The findings, published in the journal Science, follows Curiosity's journey on the red planet as it searched for methane, a gas that is considered a possible biomarker of life, and has so far found none of it.
"We consider this to be a quite definitive conclusion, and we're very confident with it," Chris Webster, manager of the Planetary Science Instrument Office at NASA's Jet Propulsion Laboratory in Pasadena, California, said of the new rover readings reported in the journal Science.
"It puts an upper limit on the background methane on Mars that is very constraining of any scenarios for its production on the planet."

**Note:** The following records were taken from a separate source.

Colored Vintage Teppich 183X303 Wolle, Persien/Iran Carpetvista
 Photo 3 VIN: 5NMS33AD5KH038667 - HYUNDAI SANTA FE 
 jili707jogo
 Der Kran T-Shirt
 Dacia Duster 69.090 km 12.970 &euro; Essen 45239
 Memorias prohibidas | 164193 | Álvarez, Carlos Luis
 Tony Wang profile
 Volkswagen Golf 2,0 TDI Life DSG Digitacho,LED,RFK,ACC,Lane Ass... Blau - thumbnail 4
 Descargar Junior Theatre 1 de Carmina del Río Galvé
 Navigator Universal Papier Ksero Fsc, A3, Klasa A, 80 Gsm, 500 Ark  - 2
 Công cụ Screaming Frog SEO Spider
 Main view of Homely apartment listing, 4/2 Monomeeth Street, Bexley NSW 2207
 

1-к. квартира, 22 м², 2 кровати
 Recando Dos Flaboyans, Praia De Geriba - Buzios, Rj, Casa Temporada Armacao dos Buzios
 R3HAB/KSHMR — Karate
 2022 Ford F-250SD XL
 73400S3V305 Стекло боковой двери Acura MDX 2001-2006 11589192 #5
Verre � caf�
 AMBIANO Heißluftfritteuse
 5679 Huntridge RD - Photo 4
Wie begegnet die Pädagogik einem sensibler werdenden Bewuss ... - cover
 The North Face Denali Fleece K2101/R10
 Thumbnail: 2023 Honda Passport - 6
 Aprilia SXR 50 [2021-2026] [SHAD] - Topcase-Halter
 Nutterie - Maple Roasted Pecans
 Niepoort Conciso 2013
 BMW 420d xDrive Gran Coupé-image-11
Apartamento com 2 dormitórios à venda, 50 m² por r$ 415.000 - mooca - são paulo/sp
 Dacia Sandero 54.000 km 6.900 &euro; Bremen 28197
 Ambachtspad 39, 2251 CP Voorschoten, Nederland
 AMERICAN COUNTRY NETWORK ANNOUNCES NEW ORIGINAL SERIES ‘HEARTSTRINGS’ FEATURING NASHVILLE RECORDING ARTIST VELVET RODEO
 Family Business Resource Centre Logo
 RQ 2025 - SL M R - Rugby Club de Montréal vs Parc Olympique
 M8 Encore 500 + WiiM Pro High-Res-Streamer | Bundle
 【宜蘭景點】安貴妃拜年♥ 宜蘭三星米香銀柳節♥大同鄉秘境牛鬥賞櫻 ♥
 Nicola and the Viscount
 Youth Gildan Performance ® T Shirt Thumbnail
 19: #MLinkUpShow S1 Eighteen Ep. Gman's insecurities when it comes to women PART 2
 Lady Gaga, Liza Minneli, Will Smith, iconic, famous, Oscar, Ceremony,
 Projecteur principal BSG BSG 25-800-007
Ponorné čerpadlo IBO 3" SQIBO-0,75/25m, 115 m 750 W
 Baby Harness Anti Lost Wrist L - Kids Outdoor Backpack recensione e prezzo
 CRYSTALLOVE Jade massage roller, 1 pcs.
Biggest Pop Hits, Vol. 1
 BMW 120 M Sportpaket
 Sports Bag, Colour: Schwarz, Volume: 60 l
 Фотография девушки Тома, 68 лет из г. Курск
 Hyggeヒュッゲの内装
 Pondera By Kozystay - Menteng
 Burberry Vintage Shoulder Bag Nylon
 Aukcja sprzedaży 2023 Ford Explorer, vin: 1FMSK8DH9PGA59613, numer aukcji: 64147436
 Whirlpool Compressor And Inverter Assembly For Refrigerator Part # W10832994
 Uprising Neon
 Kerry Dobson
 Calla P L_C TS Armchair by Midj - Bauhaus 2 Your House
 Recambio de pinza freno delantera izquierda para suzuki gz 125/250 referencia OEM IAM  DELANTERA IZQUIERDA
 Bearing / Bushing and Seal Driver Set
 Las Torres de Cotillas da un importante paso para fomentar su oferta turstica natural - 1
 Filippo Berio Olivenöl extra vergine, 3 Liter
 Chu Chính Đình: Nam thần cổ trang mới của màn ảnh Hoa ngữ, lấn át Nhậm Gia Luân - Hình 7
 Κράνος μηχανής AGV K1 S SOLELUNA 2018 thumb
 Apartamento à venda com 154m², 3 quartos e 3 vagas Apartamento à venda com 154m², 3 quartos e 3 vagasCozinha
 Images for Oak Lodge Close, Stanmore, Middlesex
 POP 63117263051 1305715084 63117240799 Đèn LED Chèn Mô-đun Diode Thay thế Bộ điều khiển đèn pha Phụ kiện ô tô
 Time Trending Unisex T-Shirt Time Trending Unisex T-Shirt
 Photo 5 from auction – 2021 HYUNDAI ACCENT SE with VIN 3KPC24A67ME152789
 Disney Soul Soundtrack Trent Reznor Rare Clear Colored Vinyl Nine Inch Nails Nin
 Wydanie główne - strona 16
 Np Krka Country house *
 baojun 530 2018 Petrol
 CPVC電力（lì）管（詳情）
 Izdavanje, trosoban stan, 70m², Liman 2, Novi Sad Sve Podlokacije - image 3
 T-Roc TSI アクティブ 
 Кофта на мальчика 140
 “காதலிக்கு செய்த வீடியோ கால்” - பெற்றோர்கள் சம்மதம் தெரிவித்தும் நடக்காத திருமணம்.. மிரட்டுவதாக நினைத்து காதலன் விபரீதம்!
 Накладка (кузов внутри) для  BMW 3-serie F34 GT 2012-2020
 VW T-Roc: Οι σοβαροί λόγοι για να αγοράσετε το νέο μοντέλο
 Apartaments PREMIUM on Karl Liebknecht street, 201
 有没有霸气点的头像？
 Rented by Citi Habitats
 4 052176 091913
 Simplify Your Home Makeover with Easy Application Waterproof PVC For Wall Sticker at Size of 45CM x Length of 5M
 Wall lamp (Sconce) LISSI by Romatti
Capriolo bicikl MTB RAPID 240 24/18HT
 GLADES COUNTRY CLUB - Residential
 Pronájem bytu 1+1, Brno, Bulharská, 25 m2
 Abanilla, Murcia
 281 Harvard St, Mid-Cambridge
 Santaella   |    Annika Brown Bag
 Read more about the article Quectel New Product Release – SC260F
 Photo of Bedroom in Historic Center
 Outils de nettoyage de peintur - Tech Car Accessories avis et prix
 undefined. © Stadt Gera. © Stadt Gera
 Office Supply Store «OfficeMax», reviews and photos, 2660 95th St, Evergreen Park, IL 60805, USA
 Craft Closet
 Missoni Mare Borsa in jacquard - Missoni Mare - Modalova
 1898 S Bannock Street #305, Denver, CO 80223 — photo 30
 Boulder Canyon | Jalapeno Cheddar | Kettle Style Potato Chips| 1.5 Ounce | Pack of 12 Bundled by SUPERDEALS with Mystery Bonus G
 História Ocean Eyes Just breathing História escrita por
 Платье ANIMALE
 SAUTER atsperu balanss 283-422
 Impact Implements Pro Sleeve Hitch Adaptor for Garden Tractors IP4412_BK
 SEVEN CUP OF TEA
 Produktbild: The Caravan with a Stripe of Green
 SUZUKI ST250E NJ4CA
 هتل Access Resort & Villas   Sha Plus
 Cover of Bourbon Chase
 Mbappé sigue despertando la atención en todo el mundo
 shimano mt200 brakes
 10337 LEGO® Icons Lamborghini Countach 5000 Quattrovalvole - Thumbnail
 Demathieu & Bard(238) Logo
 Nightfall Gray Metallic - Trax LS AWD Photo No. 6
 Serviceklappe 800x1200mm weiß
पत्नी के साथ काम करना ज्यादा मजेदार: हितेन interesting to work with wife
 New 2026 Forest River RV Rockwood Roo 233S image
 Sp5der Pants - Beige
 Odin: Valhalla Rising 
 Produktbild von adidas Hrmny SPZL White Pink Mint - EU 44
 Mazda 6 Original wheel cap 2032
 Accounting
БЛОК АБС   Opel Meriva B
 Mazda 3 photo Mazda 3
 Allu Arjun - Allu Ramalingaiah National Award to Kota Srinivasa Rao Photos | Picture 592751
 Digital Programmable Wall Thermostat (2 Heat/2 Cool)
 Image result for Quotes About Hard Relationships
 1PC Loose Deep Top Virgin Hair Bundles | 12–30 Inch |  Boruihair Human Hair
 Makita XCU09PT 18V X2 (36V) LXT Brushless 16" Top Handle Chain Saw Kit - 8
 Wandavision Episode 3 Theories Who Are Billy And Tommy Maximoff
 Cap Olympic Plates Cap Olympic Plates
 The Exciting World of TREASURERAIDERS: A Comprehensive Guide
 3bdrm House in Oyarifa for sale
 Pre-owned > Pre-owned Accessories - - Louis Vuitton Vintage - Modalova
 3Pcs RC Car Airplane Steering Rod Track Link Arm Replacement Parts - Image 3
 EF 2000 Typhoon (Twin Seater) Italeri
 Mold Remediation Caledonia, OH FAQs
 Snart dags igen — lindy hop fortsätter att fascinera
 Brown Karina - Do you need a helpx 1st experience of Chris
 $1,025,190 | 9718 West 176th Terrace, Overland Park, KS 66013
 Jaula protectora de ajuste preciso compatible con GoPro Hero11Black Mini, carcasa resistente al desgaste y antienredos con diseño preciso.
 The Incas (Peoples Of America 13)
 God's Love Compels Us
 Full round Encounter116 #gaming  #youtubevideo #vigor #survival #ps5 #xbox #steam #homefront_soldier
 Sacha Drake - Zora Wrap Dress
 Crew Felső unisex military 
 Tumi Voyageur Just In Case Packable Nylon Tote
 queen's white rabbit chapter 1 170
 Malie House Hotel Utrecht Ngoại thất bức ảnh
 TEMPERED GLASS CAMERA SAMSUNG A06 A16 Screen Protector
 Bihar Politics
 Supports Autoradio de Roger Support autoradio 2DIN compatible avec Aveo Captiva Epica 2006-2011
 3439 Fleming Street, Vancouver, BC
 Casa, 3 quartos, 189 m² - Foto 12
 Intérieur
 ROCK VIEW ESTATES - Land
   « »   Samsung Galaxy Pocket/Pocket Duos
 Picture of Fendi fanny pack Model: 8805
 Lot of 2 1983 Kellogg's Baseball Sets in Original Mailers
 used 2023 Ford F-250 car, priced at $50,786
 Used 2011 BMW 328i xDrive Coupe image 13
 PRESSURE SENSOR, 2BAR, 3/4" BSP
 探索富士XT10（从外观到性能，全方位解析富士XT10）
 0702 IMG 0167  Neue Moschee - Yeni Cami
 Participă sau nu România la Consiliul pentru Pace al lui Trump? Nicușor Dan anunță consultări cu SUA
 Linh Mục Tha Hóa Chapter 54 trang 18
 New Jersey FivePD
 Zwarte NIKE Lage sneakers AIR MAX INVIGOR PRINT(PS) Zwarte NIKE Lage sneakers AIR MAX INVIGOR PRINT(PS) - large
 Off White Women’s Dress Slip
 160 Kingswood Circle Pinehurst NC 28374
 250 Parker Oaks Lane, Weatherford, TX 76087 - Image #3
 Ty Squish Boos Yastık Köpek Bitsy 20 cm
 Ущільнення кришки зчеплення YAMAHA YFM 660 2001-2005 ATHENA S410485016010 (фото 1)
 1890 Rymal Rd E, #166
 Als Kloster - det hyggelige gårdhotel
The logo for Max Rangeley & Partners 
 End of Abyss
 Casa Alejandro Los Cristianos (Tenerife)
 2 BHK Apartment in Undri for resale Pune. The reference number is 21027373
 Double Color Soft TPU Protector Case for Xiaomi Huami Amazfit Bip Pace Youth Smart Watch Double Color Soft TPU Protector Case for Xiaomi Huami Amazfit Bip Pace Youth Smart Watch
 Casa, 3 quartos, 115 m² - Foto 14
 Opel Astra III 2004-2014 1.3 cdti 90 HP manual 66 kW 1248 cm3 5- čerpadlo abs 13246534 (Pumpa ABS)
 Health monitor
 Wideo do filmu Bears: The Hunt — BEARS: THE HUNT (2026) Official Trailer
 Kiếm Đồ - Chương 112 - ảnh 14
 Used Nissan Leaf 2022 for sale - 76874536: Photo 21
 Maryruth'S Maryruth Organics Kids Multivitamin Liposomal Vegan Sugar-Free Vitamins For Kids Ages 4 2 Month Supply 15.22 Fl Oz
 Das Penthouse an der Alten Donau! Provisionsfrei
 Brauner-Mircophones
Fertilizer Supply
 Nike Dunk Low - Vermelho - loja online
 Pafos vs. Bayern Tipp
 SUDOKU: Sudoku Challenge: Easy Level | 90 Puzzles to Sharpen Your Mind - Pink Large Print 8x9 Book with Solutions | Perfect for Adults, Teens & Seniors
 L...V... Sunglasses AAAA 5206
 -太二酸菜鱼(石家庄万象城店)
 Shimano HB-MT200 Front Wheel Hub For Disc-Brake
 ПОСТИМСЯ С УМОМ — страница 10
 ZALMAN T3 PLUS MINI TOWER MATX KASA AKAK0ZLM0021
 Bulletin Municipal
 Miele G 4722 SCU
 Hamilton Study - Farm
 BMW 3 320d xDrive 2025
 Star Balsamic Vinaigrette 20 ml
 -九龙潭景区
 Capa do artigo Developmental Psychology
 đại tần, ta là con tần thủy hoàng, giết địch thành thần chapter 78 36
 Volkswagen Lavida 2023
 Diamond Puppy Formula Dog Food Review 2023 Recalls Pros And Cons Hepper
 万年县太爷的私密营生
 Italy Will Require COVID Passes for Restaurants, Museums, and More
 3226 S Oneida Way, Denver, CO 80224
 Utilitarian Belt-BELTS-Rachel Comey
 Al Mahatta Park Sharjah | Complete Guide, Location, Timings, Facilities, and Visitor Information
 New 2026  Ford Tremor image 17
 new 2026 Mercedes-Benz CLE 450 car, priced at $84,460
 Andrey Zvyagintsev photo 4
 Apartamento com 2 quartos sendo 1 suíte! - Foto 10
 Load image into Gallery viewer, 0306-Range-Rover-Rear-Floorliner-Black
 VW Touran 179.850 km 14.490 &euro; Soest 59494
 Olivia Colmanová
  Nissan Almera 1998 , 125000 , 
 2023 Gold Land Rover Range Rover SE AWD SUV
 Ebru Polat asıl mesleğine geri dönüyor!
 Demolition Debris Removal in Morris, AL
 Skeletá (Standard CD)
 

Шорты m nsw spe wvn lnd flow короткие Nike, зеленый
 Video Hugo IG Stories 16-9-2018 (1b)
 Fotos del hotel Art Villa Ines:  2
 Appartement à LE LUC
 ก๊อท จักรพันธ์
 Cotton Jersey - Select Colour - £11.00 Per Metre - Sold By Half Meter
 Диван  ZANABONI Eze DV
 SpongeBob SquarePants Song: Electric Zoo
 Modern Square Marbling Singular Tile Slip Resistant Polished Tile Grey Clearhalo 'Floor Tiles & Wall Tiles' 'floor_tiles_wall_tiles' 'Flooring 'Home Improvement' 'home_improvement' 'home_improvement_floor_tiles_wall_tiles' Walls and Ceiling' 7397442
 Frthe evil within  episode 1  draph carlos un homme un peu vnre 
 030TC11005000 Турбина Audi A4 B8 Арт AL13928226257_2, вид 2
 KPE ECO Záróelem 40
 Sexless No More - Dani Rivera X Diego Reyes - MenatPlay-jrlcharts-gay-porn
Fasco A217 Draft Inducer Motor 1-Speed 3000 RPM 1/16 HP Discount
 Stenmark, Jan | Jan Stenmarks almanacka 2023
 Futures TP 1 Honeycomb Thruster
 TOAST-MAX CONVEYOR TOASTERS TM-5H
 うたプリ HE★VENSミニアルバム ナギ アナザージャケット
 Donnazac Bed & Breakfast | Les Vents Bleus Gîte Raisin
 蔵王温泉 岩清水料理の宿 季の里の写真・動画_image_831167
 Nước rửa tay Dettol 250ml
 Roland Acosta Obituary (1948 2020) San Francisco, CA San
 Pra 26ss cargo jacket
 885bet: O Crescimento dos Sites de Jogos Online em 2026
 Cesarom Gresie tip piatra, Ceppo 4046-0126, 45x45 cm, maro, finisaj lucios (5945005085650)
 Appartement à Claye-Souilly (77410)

Curiosity has been on Mars for over a year now, travelling back and forth along the planet in search for methane.
"Based on previous measurements, we were expecting to go there and find 10 parts per billion (ppbv) or more, and we were excited about finding it. So when you go to search for something and you don't find it, there's a sense of disappointment," said Dr Chris Webster, the principal investigator on Curiosity's Tuneable Laser Spectrometer (TLS).
From the data collected, it has not been possible to discern any methane to within the present limits of the TLS's sensitivity.
This means that if the gas is there, it can constitute no more than 1.3ppbv of the atmosphere - equivalent to just over 10,000 tones of the gas, according to the BBC news.
Speculation over potential life on Earth became rife after telescopes on Earth and a spacecraft orbiting Mars reported a huge cloud of methane rising over Mars in 2003.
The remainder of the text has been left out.